I'm using RFECV in a pipeline to reduce features. I've got it all working fine, and so to streamline the process I've started trying to iterate over a list of different pipelines to evaluate various approaches. The problem arises with the SECOND attempt to fit the model. Each of the individual models fit fine when I start a new session, but when I try to fit a second model in the same session (or the same model a second time in the same session), I get the following error:
----> 1 rfe_logit.fit(X_rfe, y_rfe)
~/anaconda3/lib/python3.9/site-packages/sklearn/feature_selection/_rfe.py in fit(self, X, y, groups)
730 scores = np.array(scores)
731 scores_sum = np.sum(scores, axis=0)
--> 732 scores_sum_rev = scores_sum[::-1]
733 argmax_idx = len(scores_sum) - np.argmax(scores_sum_rev) - 1
734 n_features_to_select = max(
IndexError: invalid index to scalar variable.
I've inspected the source code and it looks like it's something to do with how the scores are stored in the instance, but I've no idea how to take this further. I would be very grateful for any insight the community could share.
Please find below my MWE (other models use identical construction, and as mentioned above, they all work individually if they are called first):
kbest = SelectKBest(k=50)
X_rfe = pd.DataFrame(
kbest.fit_transform(X, y),
columns = kbest.get_feature_names_out()
)
binarise = LabelEncoder()
y_rfe = binarise.fit(y)
y_rfe.classes_ = np.array(['No tumour', 'Tumour'])

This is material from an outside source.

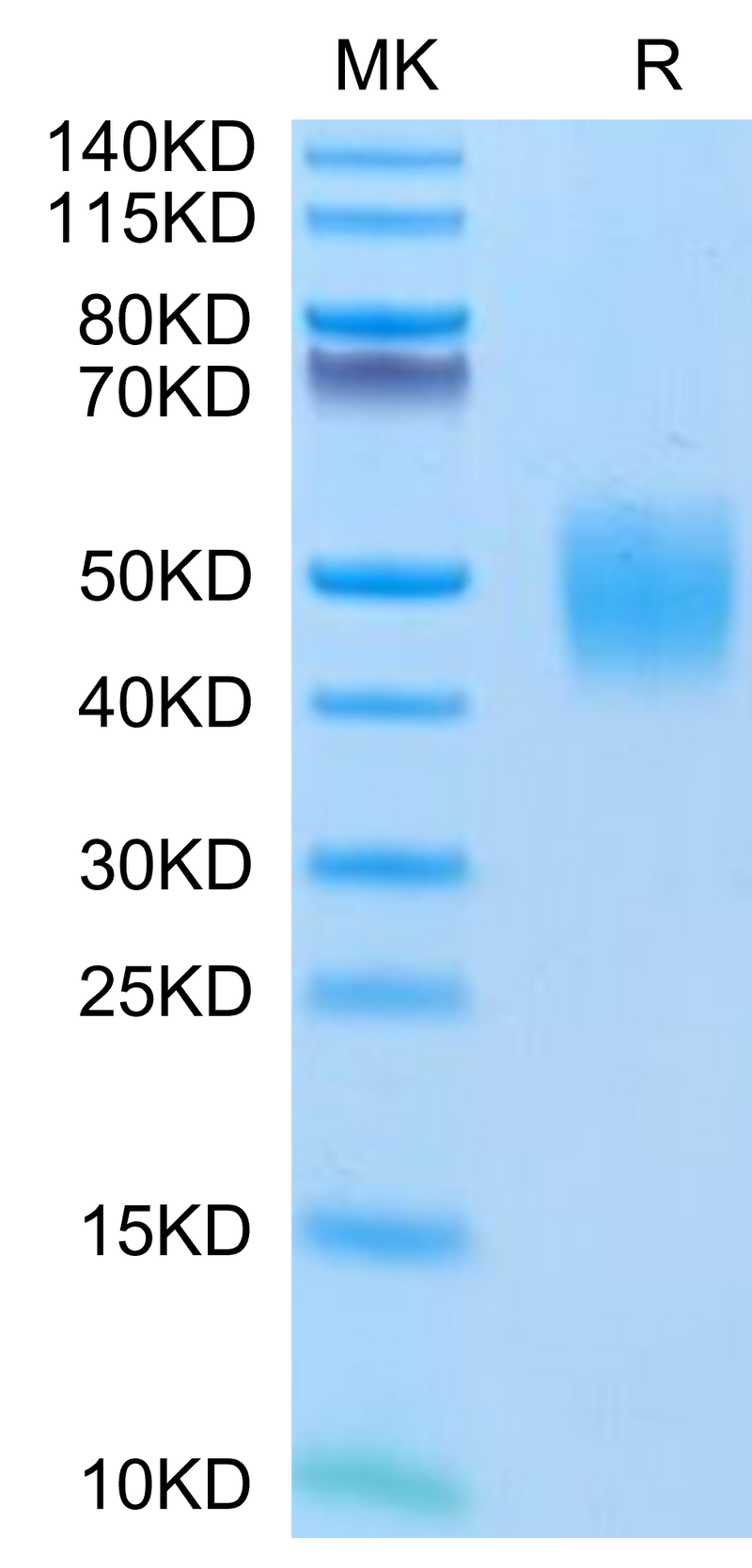 Human FGFR2 beta (IIIc) on Tris-Bis PAGE under reduced conditions. The purity is greater than 95%.Recombinant Human FGFR2 beta (IIIc) Protein, Active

y_rfe = binarise.fit_transform(y)
class RFEpipeline(Pipeline):
@property
def coef_(self):
return self._final_estimator.coef_
@property
def feature_importances_(self):
return self._final_estimator.feature_importances_
lda = RFEpipeline([
('med_log_transformer', FunctionTransformer(
med_log_transform,
feature_names_out='one-to-one'
)),
('standardscaler', StandardScaler()),
('lineardiscriminantanalysis', LinearDiscriminantAnalysis())
]
)
logit = RFEpipeline([
('med_log_transformer', FunctionTransformer(
med_log_transform,
feature_names_out='one-to-one'
)),
('standardscaler', StandardScaler()),
('logisticregression', LogisticRegression())
]
)
logocv = LeaveOneGroupOut()
groups = ex_vivo_metadata.patient_number
cv = logocv.split(X_rfe, y_rfe, groups=groups)
common_params = {
'n_jobs':8,
'cv':cv,
'verbose':1,
'step':3,
'min_features_to_select':10,
'scoring':'f1',
}
rfe_lda = RFECV(lda, **common_params)
rfe_logit = RFECV(logit, **common_params)
rfe_lda.fit(X_rfe, y_rfe)
rfe_logit.fit(X_rfe, y_rfe)
To reiterate, the second fit fails, but the first works no matter which it is. Many thanks for your thoughts.
(NB, the custom RFEpipeline class comes from this SO question, and works great. Thanks to Vivek Kumar.)